On the Article collection page, I can easily show all of them, because there the tags are in a regular Collection List rather than a nested one.
This is a good use case for a multi-ref field.
USE CASE #2 - Sample sets
Display a selected sampling of related items, as a convenience.
EXAMPLE - I have a list of Products and I want to show a few of the most popular Variants.

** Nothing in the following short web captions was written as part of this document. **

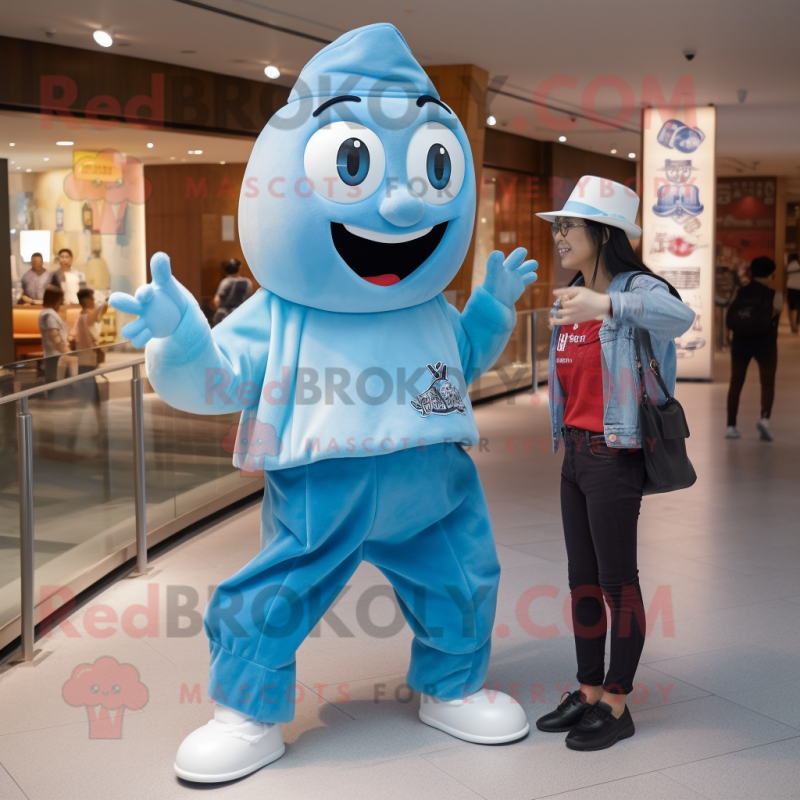 Cyan Ghost mascot costume character dressed with a Mom Jeans and Berets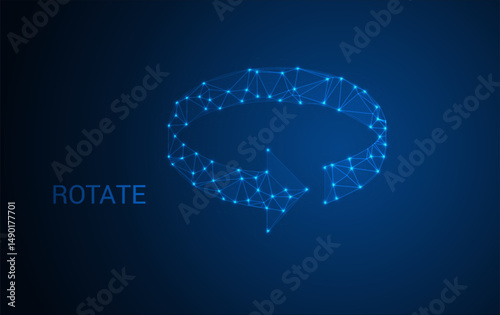 Rotate Icon Made of Glowing Blue Polygonal Lines – Futuristic Technology Symbol, Refresh Arrow Digital Loop Concept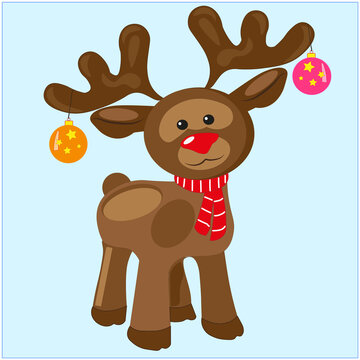 Vector EPS 10. Rudolf The Reindeer With The Red Nose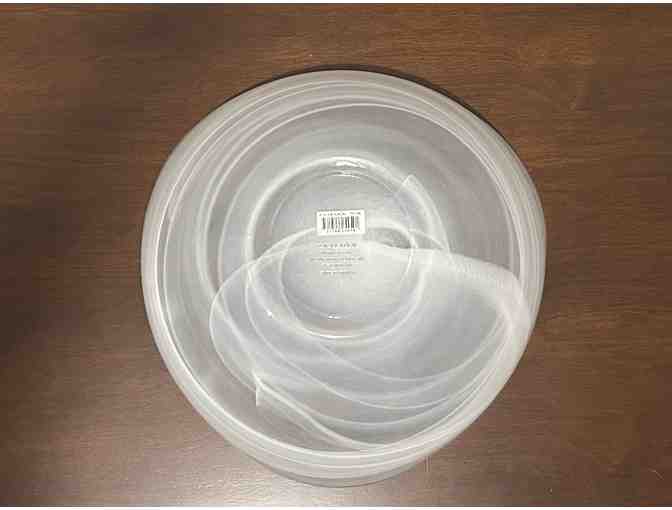 Large White Alabaster Glass Bowl & Marble Handle Servers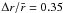\hbox{$\Delta r/\bar{r} = 0.35$}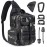 G4Free Large Tactical EDC Sling Bag Backpack, Military Molle Bag Single Strap Shoulder Backpack for Men (Black CP)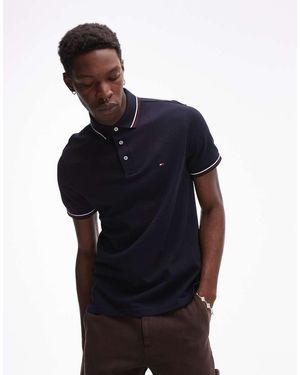 Tommy Hilfiger Polo Slim Con Bordi A Contrasto - Blu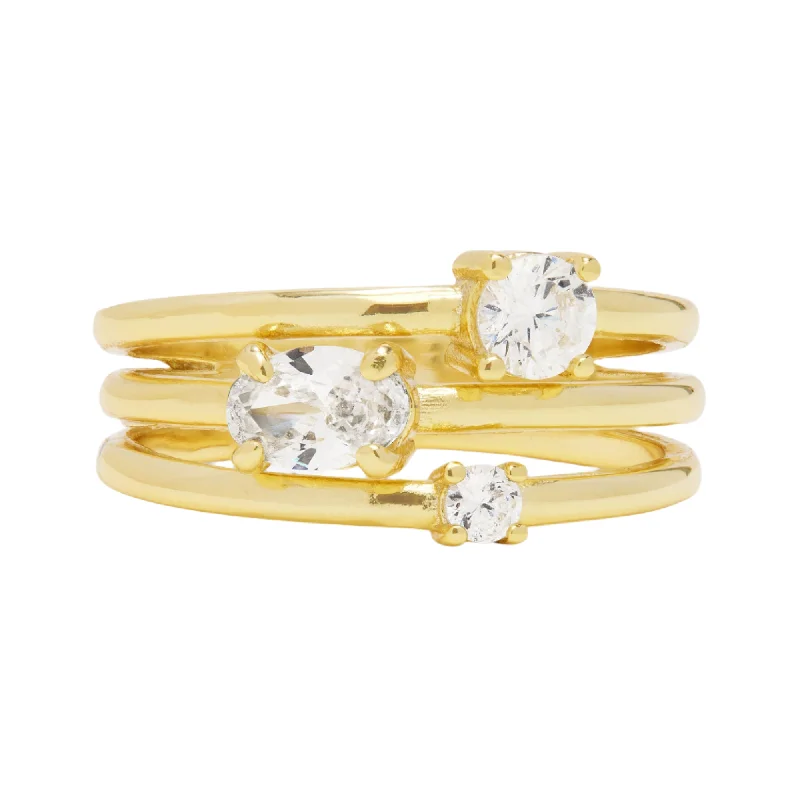 Artistic rings for women-Nina Stacked Ring in Gold & Clear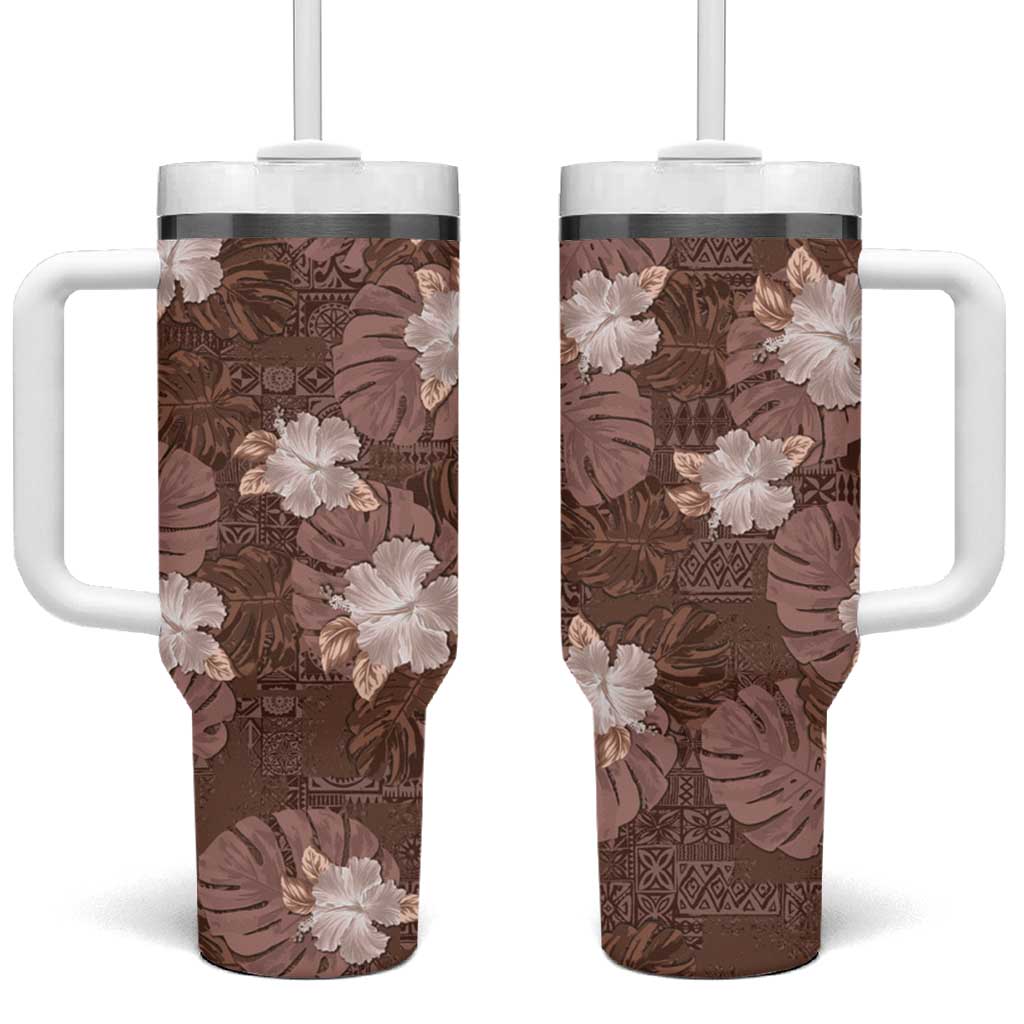 Hawaii Tumbler With Handle Brown Polynesian Monstera Patterns - Polynesian Pride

On the main catalog page, I want to list my 100 top product, each with up to 5 popular variants.
This works because again, the limit of 5 is fine, and next to those 5, I will place a link titled "See all variants".
Tips
Splitting Multi-Refs
In an [A] -> [B] => [C] setup, a CL bound to [A] cannot access [C].

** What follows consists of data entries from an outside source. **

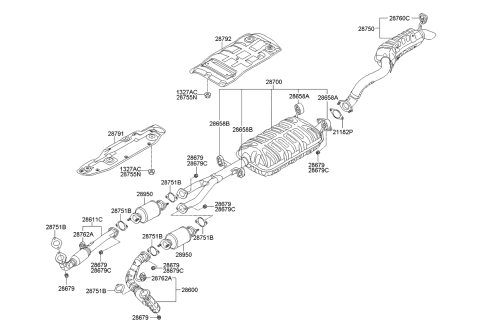 2011 Kia Borrego Catalytic Converter Assembly Diagram for 289503CZA0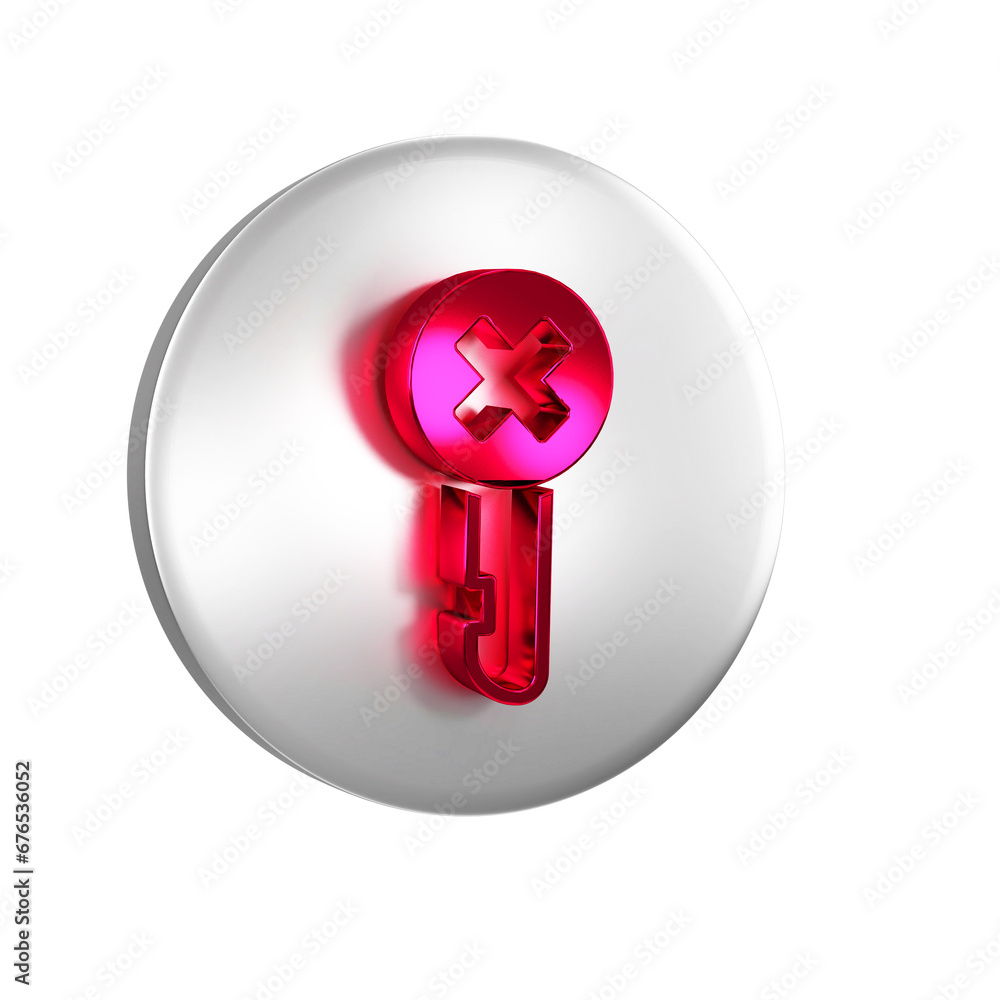 Poster red wrong key icon isolated on transparent background. silver circle button.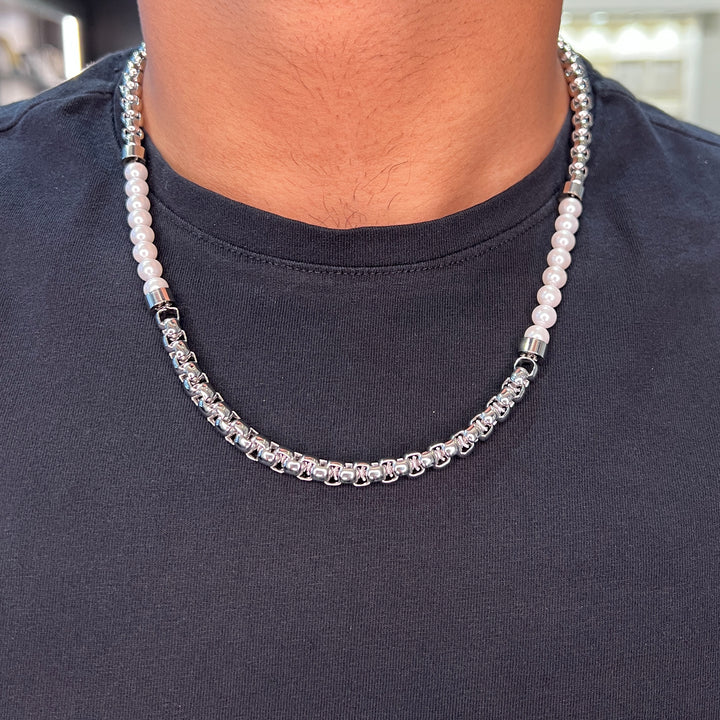 CHAINE COLLIER EN ACIER AVEC PERLES BLANCHES - STEELX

A small part of this access limitation can be overcome by splitting the multi-ref field into a primary single-ref and other multi-refs field.
- Primary ref would be a ref from [B] -> [C] that represents e.g. the most important category.
- Other refs would be a multi-ref from [B] => [C] that represents additional categories.
Advantages;
- This approach allows you to access some of the data you need to display in a "most important" or "sample of" kind of way.
- It works great with tools like FS filter.
- It's easy to manage
Disadvantages;
- Need to educate clients on the split ( no duplicates )
- This setup consumes two ref fields of your 5 ( CMS plan ) or 10 ( Business plan ) limit.